About Me

I'm a writer in Los Angeles, with more than my share of the struggle to get free. I've written screenplays, two children's books,articles for the New York Times and published a novel, Restraint, an erotic thriller. I have a master's degree from Harvard Divinity School. This blog is a ongoing record of what I've learned, what I'm learning and what I'm still realizing I need to know, as I work my way toward change.

Wednesday, August 3, 2016

GUILT AND RESONSIBILITY

Image result for guiltThe other day, a friend was talking about telling someone else that she was sorry for something she'd said - making amends.

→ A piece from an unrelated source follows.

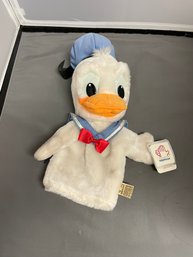 Vintage Donald Duck Applause Puppets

As we talked, I began thinking about humility and the willingness to take responsibility, at how necessary both are to getting free. We live in a culture in which many people are defensive and blame everyone else. Sometimes, I can see them stewing, rehashing all the reasons they are right.. It seems impossible for them admit any wrong-doing and I think this comes out of insecurity. The more threatened the ego, the more it wants to protect itself.
     I think of the many times I've said or done something I shouldn't have, gotten angry, tried to get my own back. Something eventually shifted, though, and I began to realize that it doesn't matter if I'm right or wrong; what I actually want is to let go of the residue of bad feeling I can so easily drag around with me. I've learned to feel in my body what anger, resentment, the need to prove I'm superior feel like. A motor revs up inside me and takes over, makes me go over and over again whatever the incident or argument was, becomes an obsessive reliving of all the bad feelings I walked away with.
     I no longer want those feelings in my body so I've had to cultivate the kind of humility that helps me recognize when I've been wrong or done wrong. It keeps me from leading with ego and from the need to prove anything. It's what make amends possible.
     But there's another ingredient in the willingness to make amends. Someone once said that the only way out of guilt is to take responsibility. Guilt imprisons and paralyzes me. Taking responsibility puts me on a new footing; it's as if I've been in a dark cave, endlessly blaming myself, giving myself all the bad feeling that keeps me from change. But I can find the way out, the way past the prison of guilt and that means taking responsibility. Not only for things I've said and done but also for the voices inside that tell me lies of negativity. I want that pathway, the freedom it promises. If it requires owning up to the truth or making amends or surrendering the need to clutch bad feeling to me, I'm more than willing to do it. I just don't want to live in guilt and carry bad feeling forward.